When the US Supreme Court (SCOTUS) repealed last week the Professional and Amateur Sports Protection Act (PASPA) and opened the door for legalized sports betting, many asked if the legalization of online poker across several US states will come next.

The US online poker market was significantly large until the implementation of the Unlawful Internet Gambling Enforcement Act (UIGEA) in October 2006. This law prevented major names on the said market to provide US players with online poker services. With PASPA’s chances of affecting the online poker market in the US rather slim, many are hopeful that inevitable will happen: online poker to be legalized in the US.

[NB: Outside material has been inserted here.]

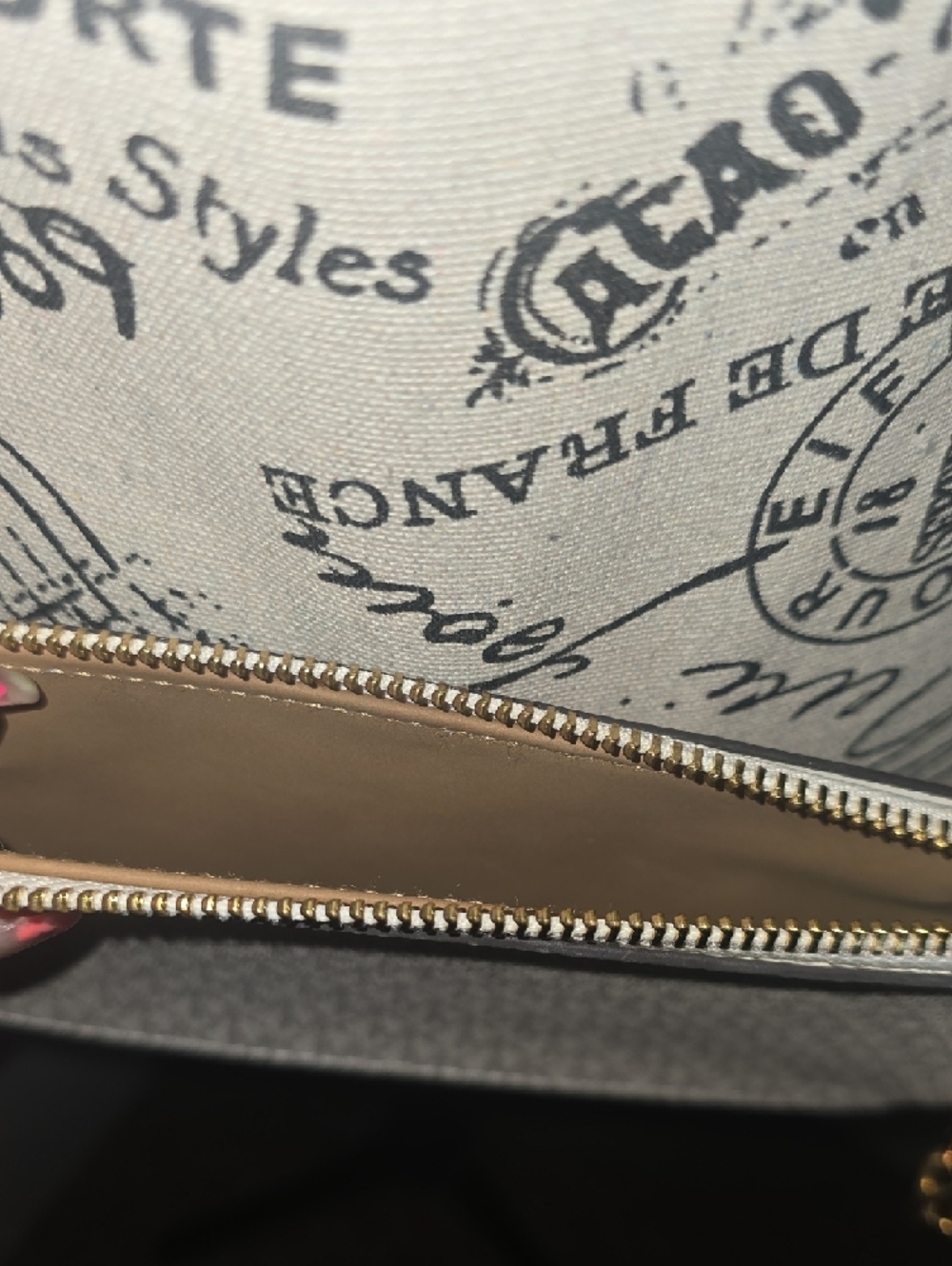 Michael Kors Cream MK W/ Gold Hardware & Gold Chain Belt Bag (NWOT)(S)✨️🤍✨️ - Picture 7 of 9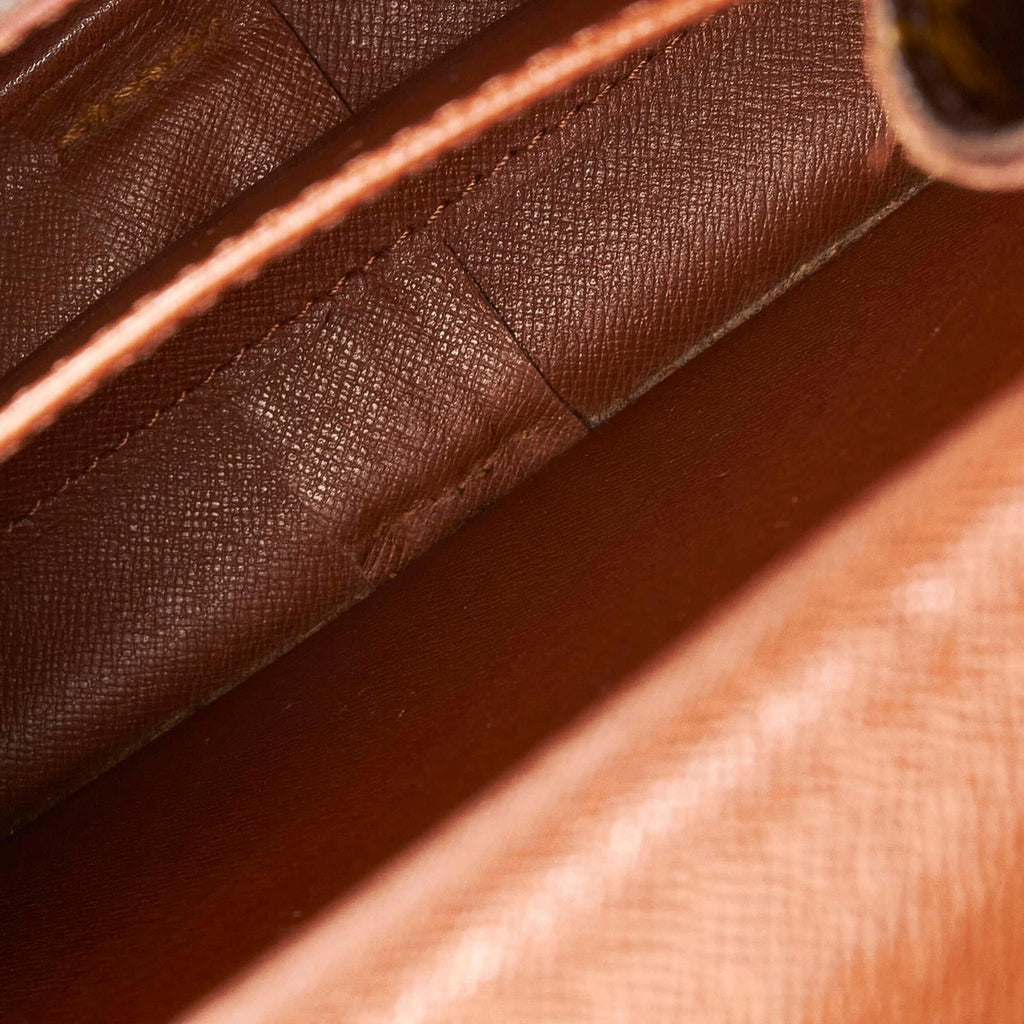 Louis Vuitton Monogram Cartouchiere MM (SHG-32196)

Can PASPA Influence the Legality of US Online Poker?

Players Enjoy Online PokerPASPA does not have any direct relation to poker and other forms of online gaming since the act only affects sports betting. This means that some states like Delaware are allowed to legalize online poker even before the New Jersey case ruling last week. But the progress of legislations that will allow poker brands to operate on a regulated market has been slow for a significant time.

The SCOTUS ruling on PASPA can have an indirect way of helping the legalization of online poker in the US. The New Jersey case was intended to bring down the unregulated sports betting environment within the region. Legalization of online poker and all other forms of gaming online, however, can be paralleled to the PASPA ruling.

One major reason for opening a regulated online poker market within a state is the potential revenue.  New Jersey, one of four US states where iGaming is legal, made more than US$114 million in total since November 2013.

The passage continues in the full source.